Requires: pip install "pgvectordb[cohere]" and COHERE_API_KEY
import os
from pgvectordb.rerankers import CohereReranker
os.environ["COHERE_API_KEY"] = "your-api-key"
reranker = CohereReranker(model_name="rerank-english-v3.0")
results = await db.rerank_search(
query="How do I tune PostgreSQL memory?",
reranker=reranker,
k=100,
rerank_top_k=5,
search_method="hybrid"
)
4. AWSBedrockReranker — AWS Bedrock¶
Use Cohere or other rerankers hosted on AWS Bedrock — keeps data within your VPC.
Requires: pip install "pgvectordb[aws]" and configured AWS credentials
from pgvectordb.rerankers import AWSBedrockReranker
reranker = AWSBedrockReranker(
model_id="cohere.rerank-v3-1:0",
region_name="us-east-1"
)
results = await db.rerank_search(
query="Vector database indexing strategies",
reranker=reranker,
k=100,
rerank_top_k=5,
search_method="semantic"
)
Reranker Comparison¶
| Reranker | Latency | Cost | Privacy | GPU Required |
|---|---|---|---|---|
CrossEncoderReranker |
Medium (100ms–2s) | Free | ✅ Local | No (CPU OK) |
HuggingFaceReranker |
Low–Medium | Metered | ❌ External | No |
CohereReranker |
Low (~50ms) | Metered | ❌ External | No |
AWSBedrockReranker |
Low (~100ms) | Metered | ✅ VPC | No |
create_reranker() Factory¶
Use the factory for dynamic configuration (e.g., from environment variables):
from pgvectordb.rerankers import create_reranker
# Type can be: "cross_encoder", "huggingface", "cohere", "bedrock"

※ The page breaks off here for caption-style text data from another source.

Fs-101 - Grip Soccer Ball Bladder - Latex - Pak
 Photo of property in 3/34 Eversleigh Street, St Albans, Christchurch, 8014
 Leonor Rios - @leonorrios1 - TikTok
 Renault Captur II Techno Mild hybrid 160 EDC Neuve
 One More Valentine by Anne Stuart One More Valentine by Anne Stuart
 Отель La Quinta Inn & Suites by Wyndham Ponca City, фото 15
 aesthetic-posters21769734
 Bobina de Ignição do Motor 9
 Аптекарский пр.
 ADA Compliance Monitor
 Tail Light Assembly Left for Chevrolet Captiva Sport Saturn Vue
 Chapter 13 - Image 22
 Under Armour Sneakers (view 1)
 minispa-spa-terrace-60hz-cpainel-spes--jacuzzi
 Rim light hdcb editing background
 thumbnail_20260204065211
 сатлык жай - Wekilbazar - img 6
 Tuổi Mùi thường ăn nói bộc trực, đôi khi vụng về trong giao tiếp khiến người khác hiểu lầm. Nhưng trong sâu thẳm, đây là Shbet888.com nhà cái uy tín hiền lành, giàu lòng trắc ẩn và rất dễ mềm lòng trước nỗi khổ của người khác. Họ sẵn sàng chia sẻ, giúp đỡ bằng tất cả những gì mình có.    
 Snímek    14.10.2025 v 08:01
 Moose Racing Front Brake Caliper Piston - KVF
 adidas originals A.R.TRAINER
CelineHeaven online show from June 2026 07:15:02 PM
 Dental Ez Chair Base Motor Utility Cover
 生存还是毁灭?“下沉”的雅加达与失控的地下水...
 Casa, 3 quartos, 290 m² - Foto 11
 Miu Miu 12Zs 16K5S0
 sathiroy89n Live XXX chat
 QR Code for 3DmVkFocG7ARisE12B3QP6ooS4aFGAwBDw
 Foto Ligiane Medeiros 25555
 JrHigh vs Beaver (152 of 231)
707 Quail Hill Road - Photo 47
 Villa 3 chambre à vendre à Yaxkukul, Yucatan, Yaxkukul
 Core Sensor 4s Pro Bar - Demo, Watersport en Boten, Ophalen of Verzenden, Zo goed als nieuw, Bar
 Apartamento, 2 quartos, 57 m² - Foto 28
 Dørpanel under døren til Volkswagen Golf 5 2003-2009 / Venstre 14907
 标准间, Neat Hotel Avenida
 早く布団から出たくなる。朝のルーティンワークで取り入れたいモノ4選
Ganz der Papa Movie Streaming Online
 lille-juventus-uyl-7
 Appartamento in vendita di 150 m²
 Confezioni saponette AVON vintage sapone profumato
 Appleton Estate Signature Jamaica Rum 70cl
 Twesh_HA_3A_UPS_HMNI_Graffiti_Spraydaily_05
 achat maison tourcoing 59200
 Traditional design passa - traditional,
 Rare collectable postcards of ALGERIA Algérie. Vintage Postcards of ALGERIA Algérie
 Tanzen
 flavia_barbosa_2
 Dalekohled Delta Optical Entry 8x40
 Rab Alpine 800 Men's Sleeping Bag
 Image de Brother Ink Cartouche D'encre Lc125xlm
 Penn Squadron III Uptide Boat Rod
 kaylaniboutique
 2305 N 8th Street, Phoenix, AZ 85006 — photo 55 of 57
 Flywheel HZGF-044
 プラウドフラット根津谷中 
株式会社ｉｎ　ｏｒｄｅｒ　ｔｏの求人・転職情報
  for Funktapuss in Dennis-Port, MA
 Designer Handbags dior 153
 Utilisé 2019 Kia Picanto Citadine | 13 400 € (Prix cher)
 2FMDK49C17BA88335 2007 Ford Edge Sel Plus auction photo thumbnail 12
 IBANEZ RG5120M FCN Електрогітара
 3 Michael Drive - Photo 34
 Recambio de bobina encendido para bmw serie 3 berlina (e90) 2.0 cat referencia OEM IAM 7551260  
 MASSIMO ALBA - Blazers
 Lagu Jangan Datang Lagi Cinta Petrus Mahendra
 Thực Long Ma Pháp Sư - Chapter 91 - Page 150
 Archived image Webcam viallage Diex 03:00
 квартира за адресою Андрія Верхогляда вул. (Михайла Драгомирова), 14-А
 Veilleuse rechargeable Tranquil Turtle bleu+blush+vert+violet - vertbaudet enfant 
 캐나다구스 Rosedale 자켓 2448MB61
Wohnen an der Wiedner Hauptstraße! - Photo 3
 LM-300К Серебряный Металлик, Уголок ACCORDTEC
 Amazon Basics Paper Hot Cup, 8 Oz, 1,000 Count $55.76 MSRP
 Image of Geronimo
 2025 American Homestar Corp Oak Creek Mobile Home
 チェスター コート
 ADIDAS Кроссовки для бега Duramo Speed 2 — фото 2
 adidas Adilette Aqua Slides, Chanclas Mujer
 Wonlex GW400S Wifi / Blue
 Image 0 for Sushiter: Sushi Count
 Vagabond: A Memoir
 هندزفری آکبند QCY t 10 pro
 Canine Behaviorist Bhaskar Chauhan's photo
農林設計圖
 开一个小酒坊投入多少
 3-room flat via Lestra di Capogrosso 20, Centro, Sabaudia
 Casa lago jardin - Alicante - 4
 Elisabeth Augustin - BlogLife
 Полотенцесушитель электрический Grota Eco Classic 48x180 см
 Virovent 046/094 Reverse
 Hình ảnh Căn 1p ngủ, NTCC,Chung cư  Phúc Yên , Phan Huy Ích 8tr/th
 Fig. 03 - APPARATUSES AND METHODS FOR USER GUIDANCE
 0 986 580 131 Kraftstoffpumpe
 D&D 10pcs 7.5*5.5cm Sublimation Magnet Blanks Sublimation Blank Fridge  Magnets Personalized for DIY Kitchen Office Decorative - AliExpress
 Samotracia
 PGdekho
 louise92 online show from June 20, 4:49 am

reranker = create_reranker(
"cohere",
api_key="co_..."
)
results = await db.rerank_search(query="...", reranker=reranker, k=100, rerank_top_k=5)
Multimodal + Reranking¶
Combine multimodal search with reranking for the highest-precision pipeline:
from pgvectordb.rerankers import CohereReranker
reranker = CohereReranker(model_name="rerank-english-v3.0")
results = await db.rerank_search(
query="modern 2BR apartment downtown with park views",
reranker=reranker,
k=100,
rerank_top_k=10,
search_method="multimodal",
query_params={
"description": "modern 2BR apartment downtown with park views",
"price": 800_000,
"city": "NYC",
},
weights={"description": 0.5, "price": 0.3, "city": 0.2},
)
How It Works Internally¶
When you call any search method with a reranker:
- Stage 1 — Retrieval: pgVectorDB runs the first-stage retrieval (
kcandidates) using the specifiedsearch_method - Stage 2 — Text Extraction: Raw text is extracted from all
kQueryResultobjects - Stage 3 — Cross-Encoding: The reranker scores each
(query, document)pair together - Stage 4 — Re-sorting: Results are sorted by new rerank scores, descending
- Stage 5 — Truncation: Top
rerank_top_kresults are returned